Poker Hand Rankings

It is important to learn the poker hand rankings as the player with the highest value hand of those left after the last round of betting wins the pot for that game. Knowing what makes a strong hand will help you decide whether to keep calling and raising or whether you should fold and save your cash for a hand with more potential.

Poker hands in most variations of the game comprise five cards, with rankings ranging from a hand where you are relying on nothing better than a high card to the rare, unbeatable royal flush.

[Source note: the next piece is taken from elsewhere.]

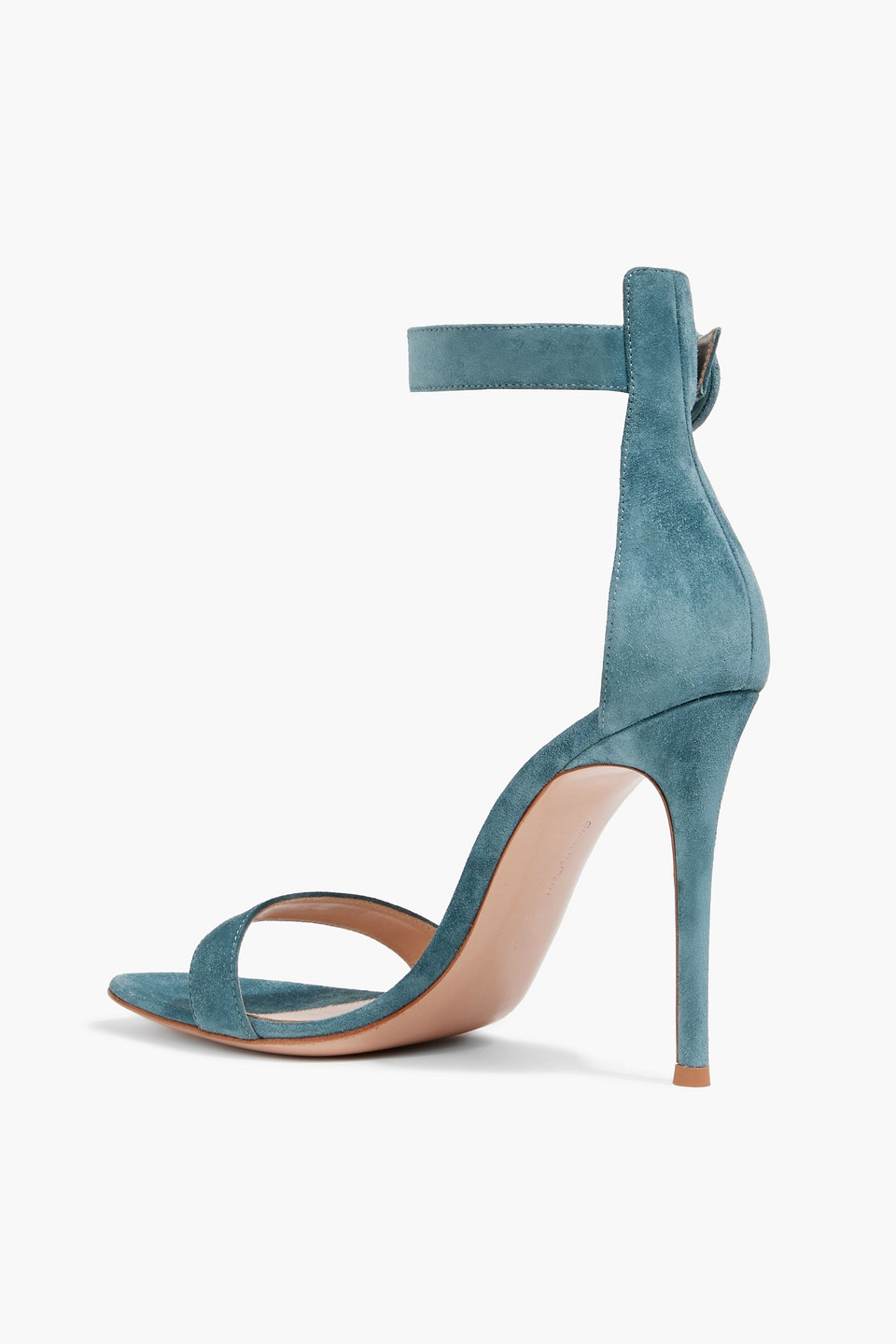 Shop Gianvito Rossi Portofino 105 Suede Sandals In Slate Blue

Here are the traditional winning hands for games such as Texas Hold‘em, Seven-Card Stud, Omaha and Five-Card Draw, ranked in order from the most valuable to the least valuable:

Straight Flush

A straight flush contains five cards of the same suit in numerical order, with the highest ranking hand winning if two players tie. The best possible straight flush is ten, jack, queen, king and ace, all of the same suit. This is known as a royal flush and cannot be beaten in a standard single-deck game.
Example: A♥ K♥ Q♥ J♥ 10♥

Four of a Kind

Collecting four cards of the same rank is called four of a kind. If another player has four of a kind as well, the highest-ranking cards win.
Example: 10♣ 10♠ 10♥ 10♦ 7♥

Full House

This a hand consisting of three cards of the same rank and a further pair of another rank. In a tie, the player with the highest ranking of the three matching cards takes the pot.
Example: 9♥ 9♣ 9♠ 6♦ 6♥

Flush

If you find yourself with five cards of the same suit, but which are not consecutive, you have a flush. The player with the highest-ranking card in their hand wins if there is another flush at the table.
Example: 3♣ 5♣ 8♣ J♣ K♣

Straight

This hand contains five cards in numerical order, but not all of the same suit. The ace can be high or low and the player with the highest-ranking card wins if there is a tie.
Example: 6♥ 7♦ 8♥ 9♣ 10♠

Three of a Kind

Three of a kind sees you holding three cards of the same rank, with the highest rank determining the winner in a tie.
Example: J♠ J♣ J♥ 4♦ 2♠

Two Pair

This means that you are holding two cards of the same rank along with two further cards of a different matching rank. The highest pair clinches the hand in the event of a tie, with the highest side card determining the winner should both players have the same ranking pairs.
Example: 10♣ 10♠ K♣ K♥ 4♦

One Pair

If you have “one pair”, you are holding a hand containing two cards of the same rank. The highest rank wins if more than one player reveals a pair, with the highest side card deciding the outcome if the pairs match in rank.
Example: J♦ J♦ 4♥ 7♣ K♠

High Card

If no one round the table qualifies for any of the above, the highest ranking card wins.